Activity: For the data that follows, return each line unchanged and drop the pictures.

Data provided:
--------

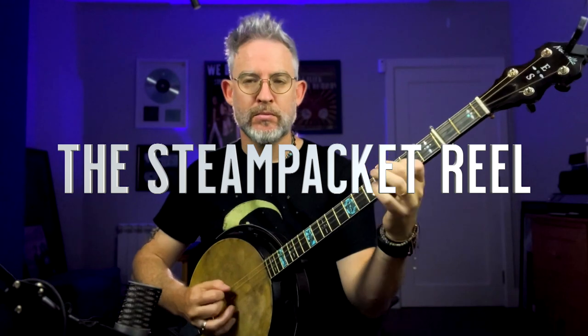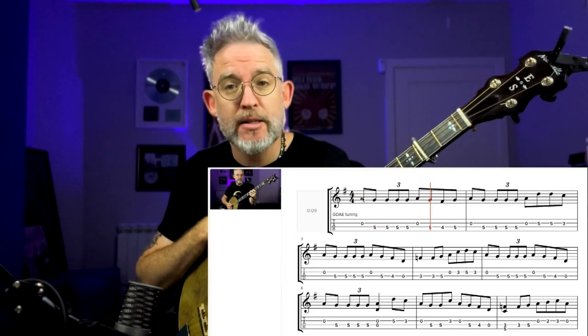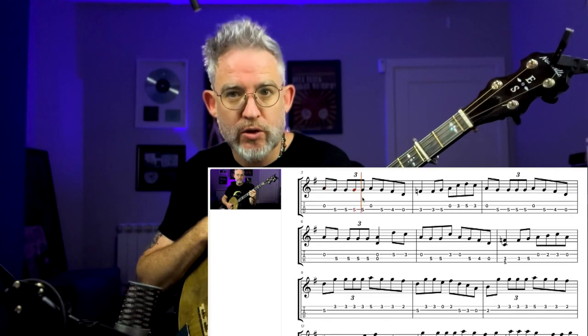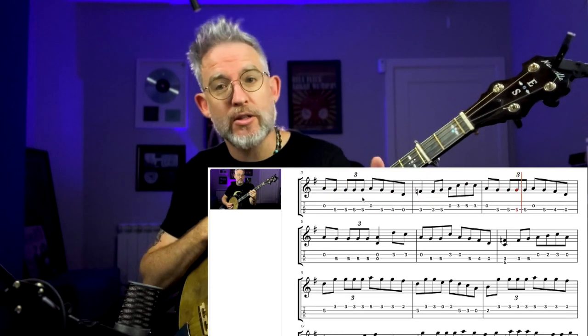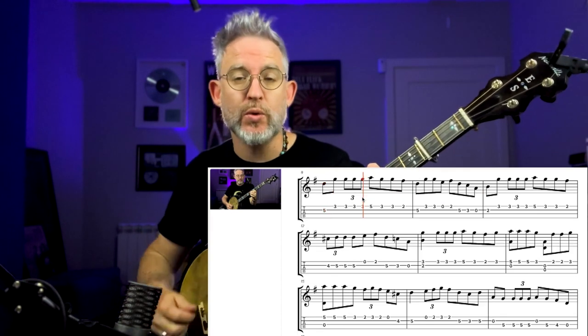I've just created a children's package on Patreon for a reel called The Steam Packet. I have eight different videos fully notated on the tune, including the basic tune, adding simple ornamentation, adding in triplets, chords. We've even looked at some techniques with the left hand to create resonance and bring out some nice tones on the tune.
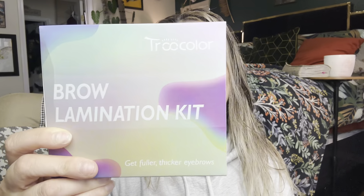Hey everyone, welcome back to my channel. If you're new, welcome. My name is Darlene. Today I'm going to be reviewing this product right here, but let's go ahead and get right into this.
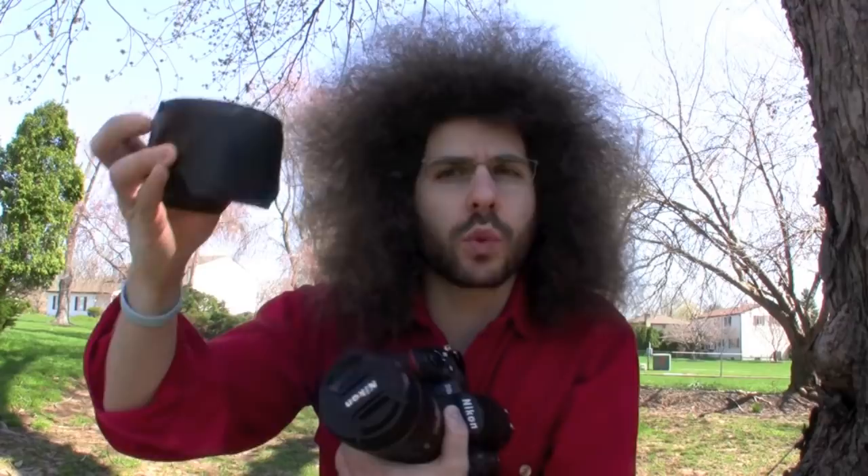Each lens that comes with a lens hood has a custom lens hood. You can't just throw any lens hood on any lens because it's not designed for that. Some lens hoods, if they're too long on a wide angle, you'll get vignetting around the edges — you don't want that. So you have to use the custom one, or the lens hood that came with the lens or that you purchase separately with the lens.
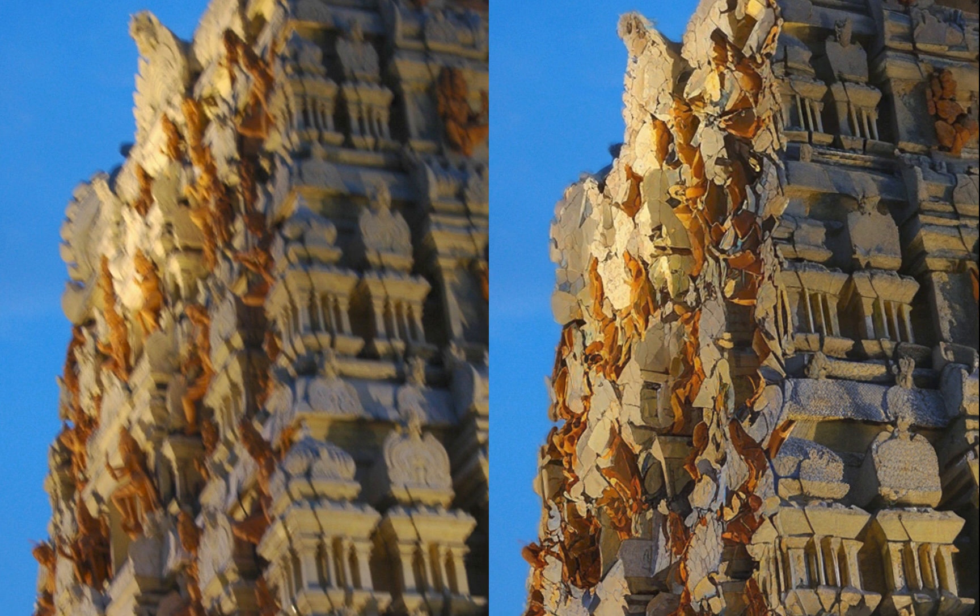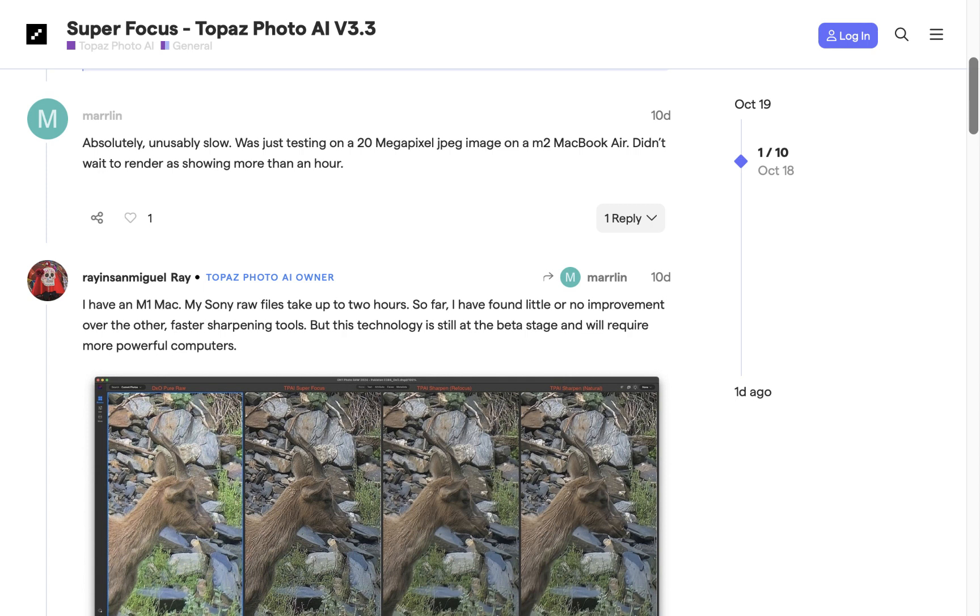On the other hand, are there any disadvantages? Definitely yes. Its main issue is SuperFocus is glacially slow. It would take 40 minutes to several hours to finish even a single 12-megapixel JPEG on my admittedly underpowered desktop. It won't even work on any Mac with an AMD GPU. You can bet it will take a lot longer with full-frame RAW files. In fact, the forums are filled with posts saying SuperFocus is unusable for them. That being said, we have to remind ourselves that the tool is still in beta, and we hope to see big improvements in processing time in the next few months.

--------

Response:
I've just created a children's package on Patreon for a reel called The Steam Packet. I have eight different videos fully notated on the tune, including the basic tune, adding simple ornamentation, adding in triplets, chords. We've even looked at some techniques with the left hand to create resonance and bring out some nice tones on the tune.
Hey everyone, welcome back to my channel. If you're new, welcome. My name is Darlene. Today I'm going to be reviewing this product right here, but let's go ahead and get right into this.
Each lens that comes with a lens hood has a custom lens hood. You can't just throw any lens hood on any lens because it's not designed for that. Some lens hoods, if they're too long on a wide angle, you'll get vignetting around the edges — you don't want that. So you have to use the custom one, or the lens hood that came with the lens or that you purchase separately with the lens.
On the other hand, are there any disadvantages? Definitely yes. Its main issue is SuperFocus is glacially slow. It would take 40 minutes to several hours to finish even a single 12-megapixel JPEG on my admittedly underpowered desktop. It won't even work on any Mac with an AMD GPU. You can bet it will take a lot longer with full-frame RAW files. In fact, the forums are filled with posts saying SuperFocus is unusable for them. That being said, we have to remind ourselves that the tool is still in beta, and we hope to see big improvements in processing time in the next few months.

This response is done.